At no other time during the pandemic have intensive care units seen a percentage of COVID patients as high as in the last two days. Last year around mid-July, the percentage edged to 45% with about 1,400 patients. Officials ramped up beds at hospitals and at their peak reported about 2,500 ICU patients at a time. At the height of last year’s summer surge, Florida had about 10,170 COVID-19 hospitalizations overall.
Burton stressed that the most serious non-COVID cases, such as heart attacks and strokes, still get prompt attention in emergency rooms. And he says the county is working with fire rescue officials to find more ambulances and have extra staff on hand. But “that really taxes on already overstressed fire and rescue staff,” he warned.
Nearly 70% of Florida hospitals are expecting critical staffing shortage in the next seven days, according to the Florida Hospital Association. The COVID-19 influx is also hitting as Florida hospitals are seeing “unusually high numbers of very ill non-COVID patients,” said the association's president Mary Mayhew.
“Our front line health care heroes are finding themselves stretched thin and physical and mental exhaustion is taking its toll,” she said, noting that many of those hospitalized are in their 20s and 30s.
Although numbers are spiking, it’s unlikely hospitals in the state will run out of brick and mortar spaces for patients beds, said Justin Senior, head of Safety Net Hospital Alliance of Florida, which represents some of the largest hospital systems in the state. He said that’s because many of Florida’s hospitals can convert everything from conference rooms to ambulatory centers into COVID units.
Kevin Cho Tipton, a critical care nurse practitioner for two South Florida hospitals, said teams in the emergency rooms and ICUs are exhausted. He is seeing cases where family members who were unvaccinated get sick together and end up being admitted to the hospital.
Tipton said he recently treated a young father who was put on life support. The man's wife also was fighting an infection in the hospital, and the woman's father was later admitted and put on ventilator. The young father died.
“Every person we lose is painful, but having to walk down the hallways to tell his wife who was also admitted and worrying about their children at home was even more difficult," Tipton said. “Her father, who was taking care of her kids at home, ended up being admitted as well.”
Officials have said the surge brought on by the delta variant of COVID-19 is mostly among the unvaccinated. And it comes as children across Florida are heading back to school. Classroom instruction begins this week in the heavily populated regions around Tampa, Jacksonville and Orlando.
Most students in South Florida head back to school next week.
In Leon County, Superintendent Rocky Hanna, working with district leaders and parents, moved to require masks for pre-K through 12 and remove the medical exemption, opting for parental exemption for the first day of school, WTXL-TV reports. The new rule passed unanimously.
Children will be given a parental opt-out form on the first day of school and have until next week to turn it in. The form will also be emailed to parents immediately.
The Broward County school board held a meeting on Tuesday and approved a mask mandate for children in schools, going against Florida Gov. Ron DeSantis' administration, which has attempted to block schools from imposing such mandates.
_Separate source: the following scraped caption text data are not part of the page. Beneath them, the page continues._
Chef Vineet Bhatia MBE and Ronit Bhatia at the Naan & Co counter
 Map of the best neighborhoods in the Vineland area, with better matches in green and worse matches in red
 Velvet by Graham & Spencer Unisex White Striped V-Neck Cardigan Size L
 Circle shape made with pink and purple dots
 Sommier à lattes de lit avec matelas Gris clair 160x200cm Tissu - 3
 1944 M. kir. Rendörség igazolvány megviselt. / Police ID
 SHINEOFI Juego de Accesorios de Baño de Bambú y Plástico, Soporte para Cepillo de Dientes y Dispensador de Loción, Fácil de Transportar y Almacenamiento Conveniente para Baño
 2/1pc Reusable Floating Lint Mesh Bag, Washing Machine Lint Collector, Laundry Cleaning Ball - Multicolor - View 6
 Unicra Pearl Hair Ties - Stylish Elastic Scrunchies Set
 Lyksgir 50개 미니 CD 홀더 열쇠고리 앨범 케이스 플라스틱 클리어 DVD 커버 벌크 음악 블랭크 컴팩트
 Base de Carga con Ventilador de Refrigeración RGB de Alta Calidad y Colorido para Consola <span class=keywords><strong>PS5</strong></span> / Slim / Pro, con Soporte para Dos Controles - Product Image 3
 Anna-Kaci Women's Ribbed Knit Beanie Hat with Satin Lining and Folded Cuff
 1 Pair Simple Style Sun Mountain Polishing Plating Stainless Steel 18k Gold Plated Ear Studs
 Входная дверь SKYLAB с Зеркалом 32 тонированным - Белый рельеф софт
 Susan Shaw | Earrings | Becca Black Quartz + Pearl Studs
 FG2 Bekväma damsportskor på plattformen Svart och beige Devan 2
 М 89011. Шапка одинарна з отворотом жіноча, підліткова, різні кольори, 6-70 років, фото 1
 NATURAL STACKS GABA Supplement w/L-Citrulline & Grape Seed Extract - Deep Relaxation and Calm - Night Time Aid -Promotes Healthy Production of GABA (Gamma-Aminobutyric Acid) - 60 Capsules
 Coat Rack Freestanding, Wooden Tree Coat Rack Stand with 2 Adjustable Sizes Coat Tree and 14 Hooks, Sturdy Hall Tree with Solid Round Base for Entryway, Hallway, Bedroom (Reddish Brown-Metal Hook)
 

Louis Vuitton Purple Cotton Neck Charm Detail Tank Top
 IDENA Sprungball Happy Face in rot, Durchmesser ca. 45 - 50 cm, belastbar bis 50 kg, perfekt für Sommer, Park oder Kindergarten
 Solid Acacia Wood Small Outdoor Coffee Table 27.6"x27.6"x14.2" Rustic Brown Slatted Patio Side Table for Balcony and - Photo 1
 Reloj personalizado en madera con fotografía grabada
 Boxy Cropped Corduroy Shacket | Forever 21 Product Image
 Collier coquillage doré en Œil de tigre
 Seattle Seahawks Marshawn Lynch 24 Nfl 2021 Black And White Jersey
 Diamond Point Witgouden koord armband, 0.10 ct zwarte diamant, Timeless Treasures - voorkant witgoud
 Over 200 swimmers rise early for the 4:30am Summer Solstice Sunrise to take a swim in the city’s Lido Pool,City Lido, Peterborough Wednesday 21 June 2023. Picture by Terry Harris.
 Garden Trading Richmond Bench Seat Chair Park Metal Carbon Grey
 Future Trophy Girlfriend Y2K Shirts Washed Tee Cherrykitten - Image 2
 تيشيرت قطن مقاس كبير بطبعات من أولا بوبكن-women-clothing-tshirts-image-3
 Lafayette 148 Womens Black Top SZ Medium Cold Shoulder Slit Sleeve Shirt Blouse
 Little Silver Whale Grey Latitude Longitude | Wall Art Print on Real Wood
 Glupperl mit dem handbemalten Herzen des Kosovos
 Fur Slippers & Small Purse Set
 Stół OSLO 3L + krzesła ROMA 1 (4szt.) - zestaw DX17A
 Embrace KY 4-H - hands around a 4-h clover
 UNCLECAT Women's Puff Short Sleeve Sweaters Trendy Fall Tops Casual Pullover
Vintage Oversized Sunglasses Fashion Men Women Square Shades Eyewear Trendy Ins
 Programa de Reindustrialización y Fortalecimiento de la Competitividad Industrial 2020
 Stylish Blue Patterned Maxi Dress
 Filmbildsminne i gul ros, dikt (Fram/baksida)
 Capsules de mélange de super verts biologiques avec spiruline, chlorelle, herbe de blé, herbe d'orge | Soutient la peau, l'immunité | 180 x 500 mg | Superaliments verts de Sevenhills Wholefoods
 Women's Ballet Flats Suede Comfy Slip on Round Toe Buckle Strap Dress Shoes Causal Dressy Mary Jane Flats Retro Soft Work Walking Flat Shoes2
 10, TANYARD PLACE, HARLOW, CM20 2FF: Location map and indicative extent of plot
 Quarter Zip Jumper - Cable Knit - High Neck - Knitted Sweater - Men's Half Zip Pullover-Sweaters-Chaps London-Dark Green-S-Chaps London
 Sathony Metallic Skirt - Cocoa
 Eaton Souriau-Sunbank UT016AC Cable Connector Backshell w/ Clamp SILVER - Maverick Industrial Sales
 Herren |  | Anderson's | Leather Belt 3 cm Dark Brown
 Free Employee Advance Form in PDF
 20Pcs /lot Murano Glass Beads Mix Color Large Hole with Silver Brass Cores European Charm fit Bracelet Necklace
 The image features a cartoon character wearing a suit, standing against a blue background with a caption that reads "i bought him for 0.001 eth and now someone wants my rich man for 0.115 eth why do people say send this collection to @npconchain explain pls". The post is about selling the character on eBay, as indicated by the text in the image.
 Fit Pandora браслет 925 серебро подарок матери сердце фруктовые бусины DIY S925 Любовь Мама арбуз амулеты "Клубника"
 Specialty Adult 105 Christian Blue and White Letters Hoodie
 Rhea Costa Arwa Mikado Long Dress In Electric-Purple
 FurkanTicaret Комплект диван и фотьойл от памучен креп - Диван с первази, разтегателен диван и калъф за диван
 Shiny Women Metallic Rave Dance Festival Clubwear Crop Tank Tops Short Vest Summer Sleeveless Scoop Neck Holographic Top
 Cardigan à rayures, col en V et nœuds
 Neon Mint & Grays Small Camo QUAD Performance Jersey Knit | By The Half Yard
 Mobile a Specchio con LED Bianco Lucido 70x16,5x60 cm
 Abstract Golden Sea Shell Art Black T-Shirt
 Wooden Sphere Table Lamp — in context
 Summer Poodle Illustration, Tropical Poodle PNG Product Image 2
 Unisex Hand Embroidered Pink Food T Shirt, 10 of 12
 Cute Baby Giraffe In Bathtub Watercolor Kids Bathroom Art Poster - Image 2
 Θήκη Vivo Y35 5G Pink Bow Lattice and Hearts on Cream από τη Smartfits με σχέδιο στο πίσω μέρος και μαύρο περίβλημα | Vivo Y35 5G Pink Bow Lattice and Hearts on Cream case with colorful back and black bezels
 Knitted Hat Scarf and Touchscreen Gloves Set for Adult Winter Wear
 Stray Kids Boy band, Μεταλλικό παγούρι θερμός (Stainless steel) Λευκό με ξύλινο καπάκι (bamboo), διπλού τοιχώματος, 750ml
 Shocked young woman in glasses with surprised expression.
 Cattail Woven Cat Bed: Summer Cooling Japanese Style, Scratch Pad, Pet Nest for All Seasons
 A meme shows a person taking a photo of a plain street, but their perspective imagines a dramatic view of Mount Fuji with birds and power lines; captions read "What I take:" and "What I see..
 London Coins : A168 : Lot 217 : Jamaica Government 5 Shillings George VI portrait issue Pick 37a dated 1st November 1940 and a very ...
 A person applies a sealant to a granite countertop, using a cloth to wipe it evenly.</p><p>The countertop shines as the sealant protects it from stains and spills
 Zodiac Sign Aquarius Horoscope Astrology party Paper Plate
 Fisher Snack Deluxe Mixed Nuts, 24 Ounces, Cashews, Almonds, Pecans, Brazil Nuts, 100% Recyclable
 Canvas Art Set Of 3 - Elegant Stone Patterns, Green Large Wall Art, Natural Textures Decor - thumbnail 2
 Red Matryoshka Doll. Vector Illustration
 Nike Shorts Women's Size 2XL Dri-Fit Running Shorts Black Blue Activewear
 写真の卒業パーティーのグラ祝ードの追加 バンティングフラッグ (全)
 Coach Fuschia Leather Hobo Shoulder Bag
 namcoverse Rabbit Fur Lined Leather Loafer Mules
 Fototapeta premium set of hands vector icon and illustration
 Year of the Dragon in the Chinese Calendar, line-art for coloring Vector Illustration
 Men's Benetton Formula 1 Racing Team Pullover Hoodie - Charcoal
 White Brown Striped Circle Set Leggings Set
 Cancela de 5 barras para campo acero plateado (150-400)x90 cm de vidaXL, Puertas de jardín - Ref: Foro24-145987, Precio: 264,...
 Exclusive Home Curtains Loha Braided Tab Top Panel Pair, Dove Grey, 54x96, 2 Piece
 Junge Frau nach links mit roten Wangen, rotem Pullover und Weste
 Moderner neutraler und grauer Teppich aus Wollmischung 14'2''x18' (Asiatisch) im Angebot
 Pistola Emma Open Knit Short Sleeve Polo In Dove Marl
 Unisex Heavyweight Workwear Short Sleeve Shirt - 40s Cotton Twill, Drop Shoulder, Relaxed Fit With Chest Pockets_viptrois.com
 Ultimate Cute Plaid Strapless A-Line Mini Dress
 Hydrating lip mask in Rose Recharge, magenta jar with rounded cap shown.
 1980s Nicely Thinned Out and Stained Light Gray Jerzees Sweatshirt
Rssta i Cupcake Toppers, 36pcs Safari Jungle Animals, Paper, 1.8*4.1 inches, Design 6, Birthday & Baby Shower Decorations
The state Education Commissioner Richard Corcoran sent a letter on Monday to two school districts — in Leon and Alachua counties — saying their adopted policy appeared not to comply with the new rules. He demanded a response and said he may recommend the state's Board of Education withhold the salaries of the superintendent and school board members.
DeSantis' spokeswoman Christina Pushaw said Broward County's mask policy appears to be similar to the two other counties, adding “it's safe to assume Broward has opened itself up to a similar response.”